Lina Chamie, que teve seu primeiro longa indicado para a mostra paralela de Cannes (Tônica Dominante, 2000) usa com notável sabedoria a poética para contar a história comum de mais um amor que começa e termina. E a poética não é unicamente cinematográfica: Lina Chamie compõe a história de Heitor e Júlia embalada por uma música quase-personagem de tão bem encaixada, de tão ativa na construção da emoção de cada cena. Mas não seria de se estranhar, já que Lina tem formação musical acadêmica. Ela envolve a trama com a música de Satie (compositor e pianista francês, morto na década de 1920), Mozart e Gil, pois que a música parece fazer exatamente isso em A Via Láctea: envolver a atmosfera do filme como uma redoma, de onde a ação escapole ao explodir.

Aliás, a diretora forja seu filme usando também o teatro e a literatura, de maneiras convencionais e não-convencionais. O teatro vem com a profissão da personagem Júlia, que é atriz e na história aparece como uma das bacantes de uma peça de mesmo nome (As Bacantes), quando encontra Heitor. E isso é um dos elementos que nos ajudam a compreender as diferenças que existem nas personalidades do casal. Júlia é mais livre; Heitor mais apegado.

A literatura também ocupa um espaço na trama. Um espaço delicado, às vezes preenchendo-a de narrativa, quando Heitor começa a expressar seus sentimentos em forma de poemas. Ou quando em devaneios dele, vemos Júlia ou a mãe de Heitor (Mariana Lima), recitando poemas de Manuel Bandeira, Carlos Drummond de Andrade e também do pai da cineasta, Mario Chamie. O literário também se expressa através da cidade-personagem, quando no caminho entre o amado e seu amor, frases são lidas em paredes, em túneis, em outdoors, como se o todo estivesse concatenado à história e os sentimentos dos personagens de alguma forma "vazassem" e contaminasse todo o caminho, todo o cenário.

E dentro desse universo de subjetividade que a história se constrói: Heitor sofre grande abalo ao receber um telefonema de sua namorada Júlia, que neste instante termina a relação entre os dois. A partir daí, ele sai tentando encontrá-la e o acompanhamos nesse trajeto, que é circular e confuso, onde ele se aproxima e se distancia; onde o tempo vai e volta; onde Júlia é o alvo, mas é a cidade quem manipula os caminhos.
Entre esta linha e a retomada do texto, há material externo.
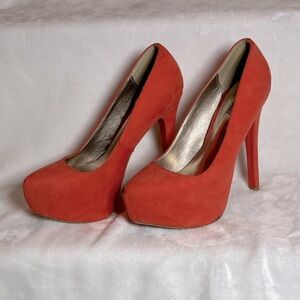 Charlotte Russe Coral Suede Platform Heels, Size 6.5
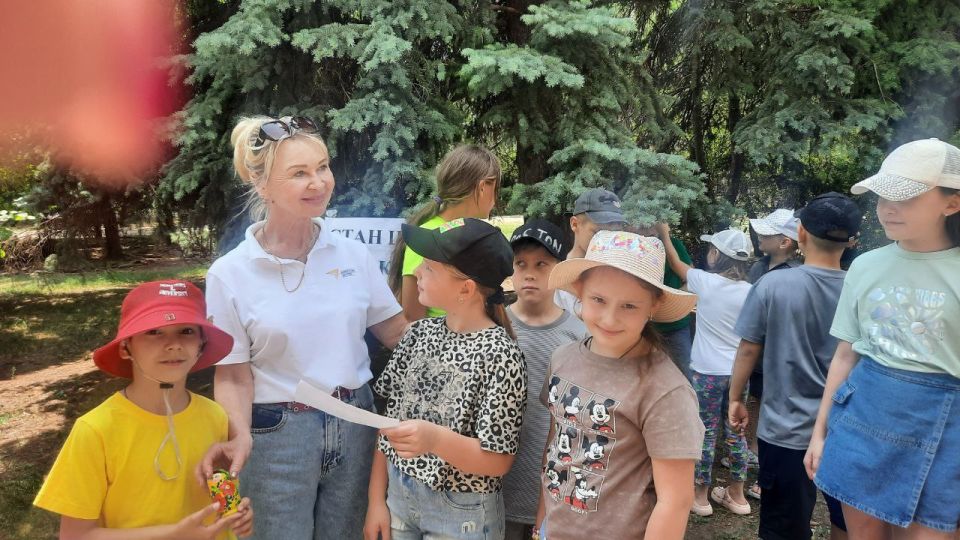 В преддверии празднования Дня России, в пришкольном лагере "Улыбка" при ГБОУ "Гимназия В преддверии празднования Дня России, в пришкольном лагере "Улыбка" при ГБОУ "Гимназия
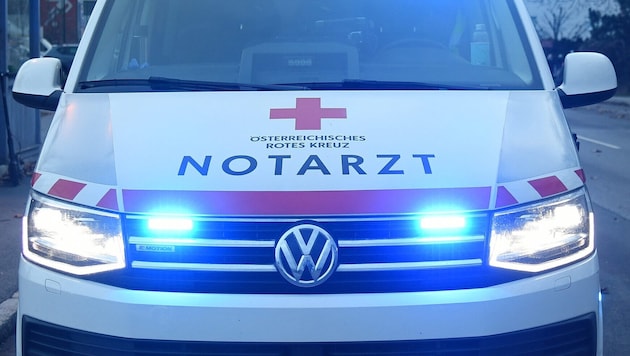 Die Verletzte wurde mit der Rettung ins Spital gebracht.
Nessa busca ele conversa consigo mesmo e com o locutor do rádio. Seu caminho é entrecortado por momentos dos dois, como a cena da livraria em que o casal brinca de esconder-se e relevar-se entre as estantes, em mais uma metáfora. Ou no telhado, em que eles parecem se sobrepor à cidade uma única vez.
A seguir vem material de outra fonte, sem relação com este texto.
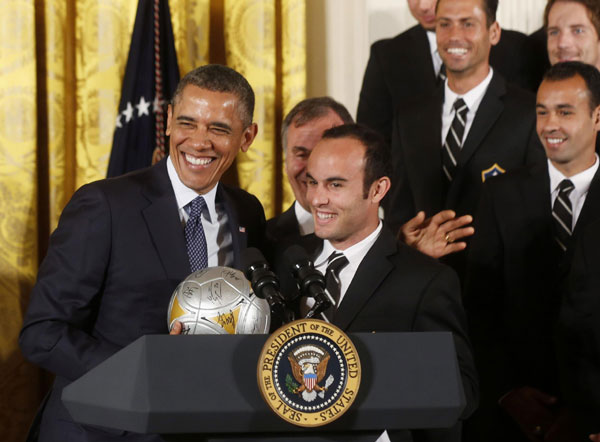 Obama hosts 2012 MLS, NHL Cup winner at White House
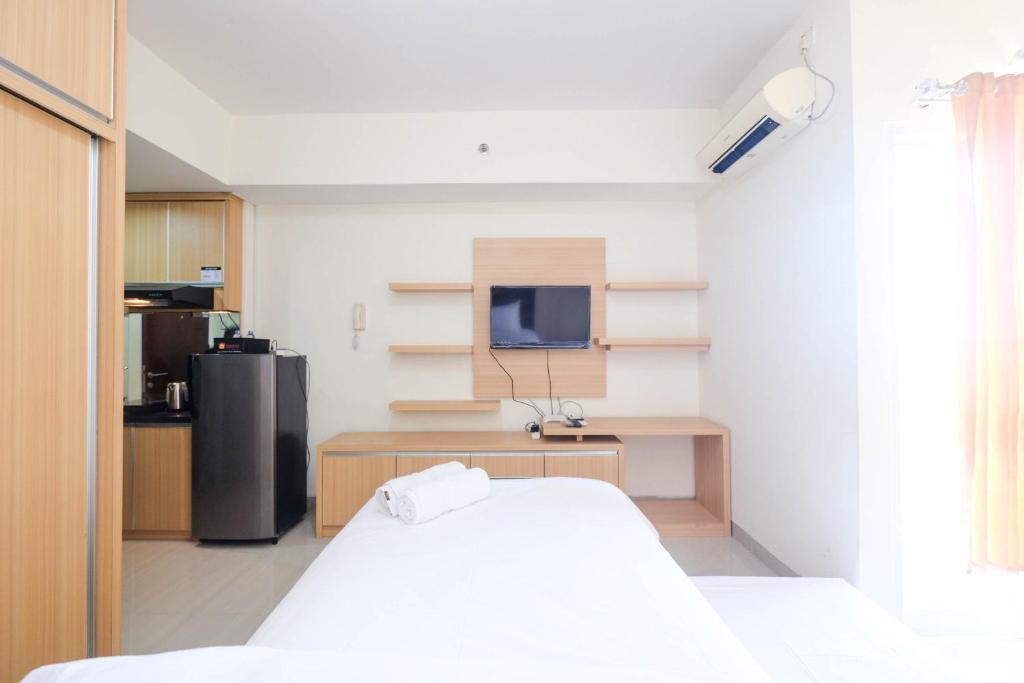 Cozy Minimalist Studio @ Taman Melati Margonda Apartment By Travelio - Apartamento De Estúdio
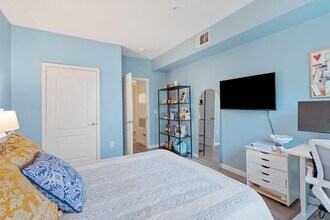 5350 Dunlay Dr in Sacramento, CA - Building Photo - Building Photo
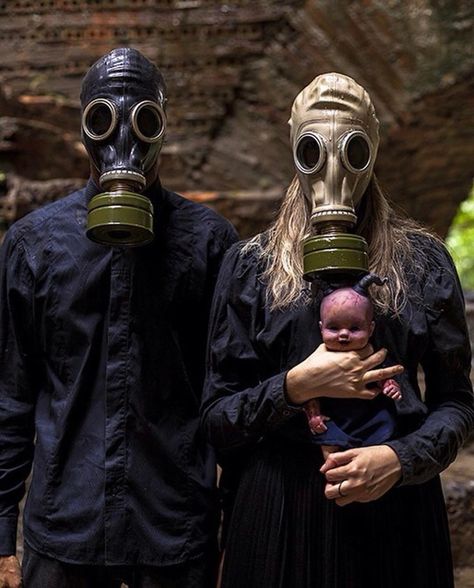 A couple in Gas Mask (I want a BABY!!!) Gas Mask Halloween Costume, Gas Mask Photoshoot, Gas Mask Couple, Boundaries With Toxic People, Mask Photoshoot, Creepy Photography, Bio Hazard, Peaky Blinders Characters, Gas Mask Art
Em meio a essa narrativa delicada, a câmera nos leva ao banco de passageiros, pra dentro da ambulância. É uma câmera intrusiva que nos faz cúmplices de tudo. São ângulos fechados de câmera na mão, em que até a cidade é vista de ângulos diferentes e pequenos. Em contrapartida paisagens e galáxias em formação aliviam o olhar em algumas cenas.

Toda a ação parece desalinhada e Heitor parece um louco obcecado por encontrar a namorada. Um louco que esbarra em uma criança de rua que sabe que Júlia ainda não ligou para aquele outro homem. Que vê seu rival a alguns metros, no mesmo engarrafamento, comprando flores pra quem? "Porque o vendedor de flores falou com ele e não comigo?" E o assaltante nem quer lhe assaltar: ele vem só para lhe abrir os olhos e lhe expor sua verdadeira e trágica situação, mas leva o relógio para não deixar tudo tão óbvio. A bateria do celular acaba e ele se perde. E parece que estamos diante do pior dia na vida de alguém. E é.

Até os letreiros finais são bonitos e o filme é de todos.

E sim, no final Júlia e Heitor se encontram. Mas já é o final pra nós e pra eles, principalmente para Heitor. Aliás, Marco Ricca numa boa atuação, principalmente nos momentos de raiva, é um outro motivo pra se assistir A Via Láctea, juntamente com todo o lirismo do filme. Excelente produção. Boas atuações. Fotografia difícil e instigante. Direção e roteiro, este último divido entre Lina e Aleksei Abib, compõem um filme lírico, poético e delicado. Um filme sobre um casal, uma cidade, o amor, e a morte.